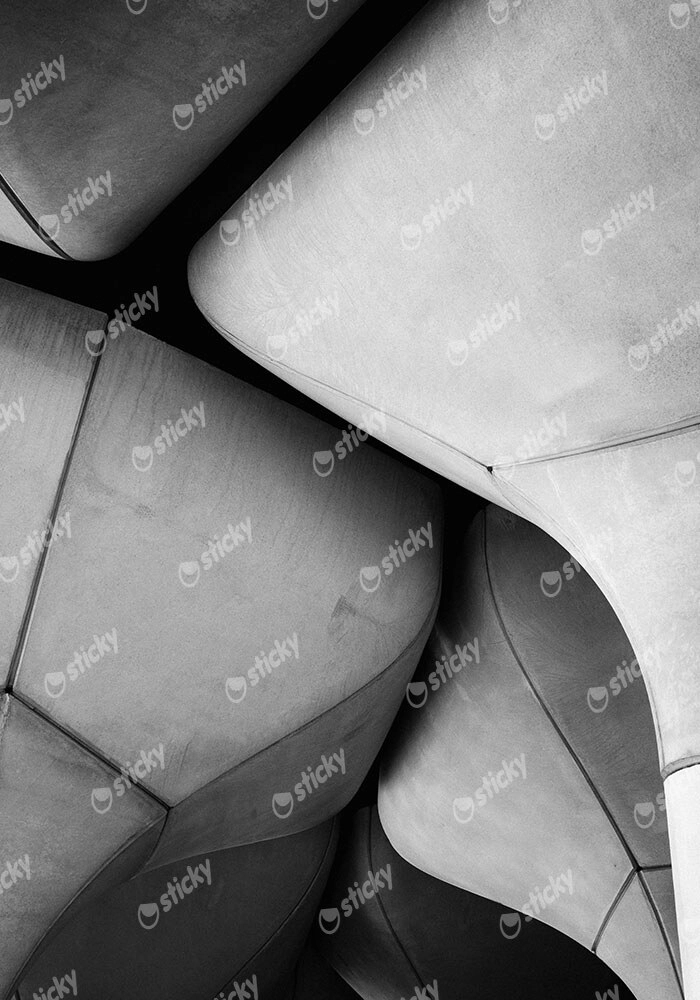 Πίνακας σε Καμβά BLACK AND WHITE ARCHITECTURAL CONCRETE TULIP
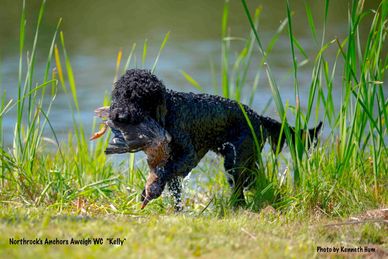 Barbet retrieving a duck, Photo by Kenneth Hum, © Northrock Barbets - All Rights Reserved.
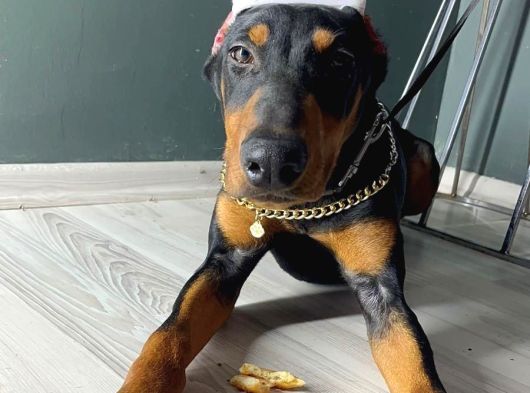 Premium Doberman görsel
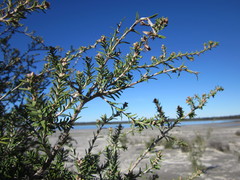 Melaleuca cuticularis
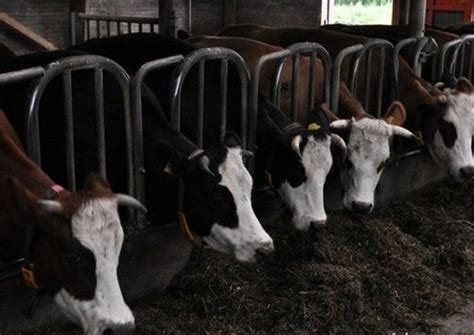 牛肉价格支撑河北黄牛市场的小牛犊价格居高不下_肉牛引种指南-小牛犊价格|牛苗价格|张北牛市场|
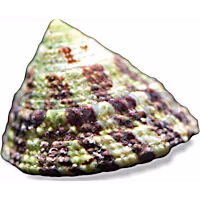 Spiral Top Trochus Snail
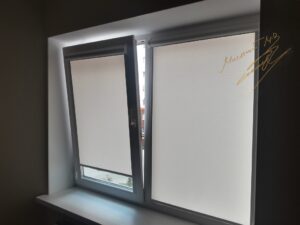 Рулонные шторы в комнате с тканью Len T 0877 Peach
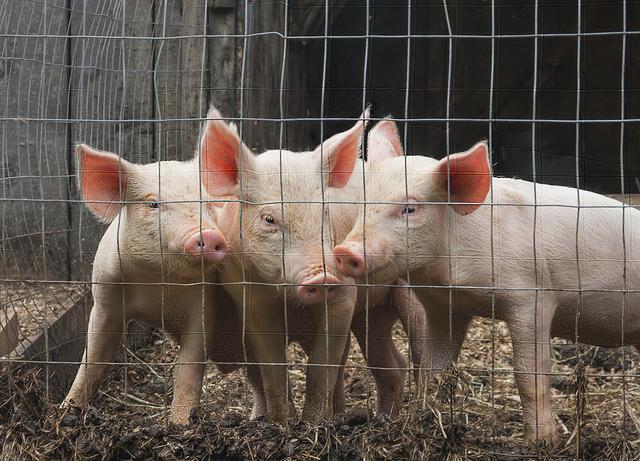 Three piglets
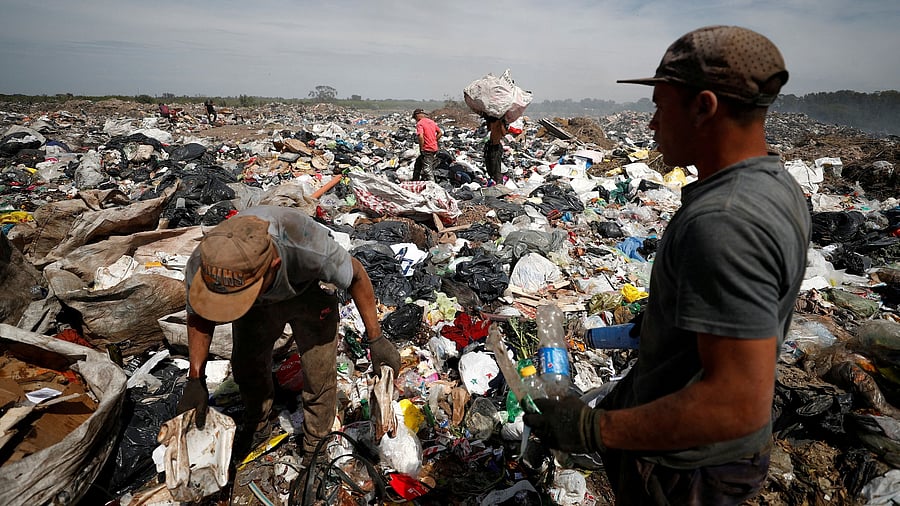 <div class="paragraphs"><p>Representative image.</p></div>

Assignment - From the line that contains "牛肉价格支撑河北黄牛市场的小" to the final line of the entries, reproduce every line exactly, both ends included. Leave out all pictures.

Output for this task -
 牛肉价格支撑河北黄牛市场的小牛犊价格居高不下_肉牛引种指南-小牛犊价格|牛苗价格|张北牛市场|
 Spiral Top Trochus Snail
 Рулонные шторы в комнате с тканью Len T 0877 Peach
 Three piglets
 <div class="paragraphs"><p>Representative image.</p></div>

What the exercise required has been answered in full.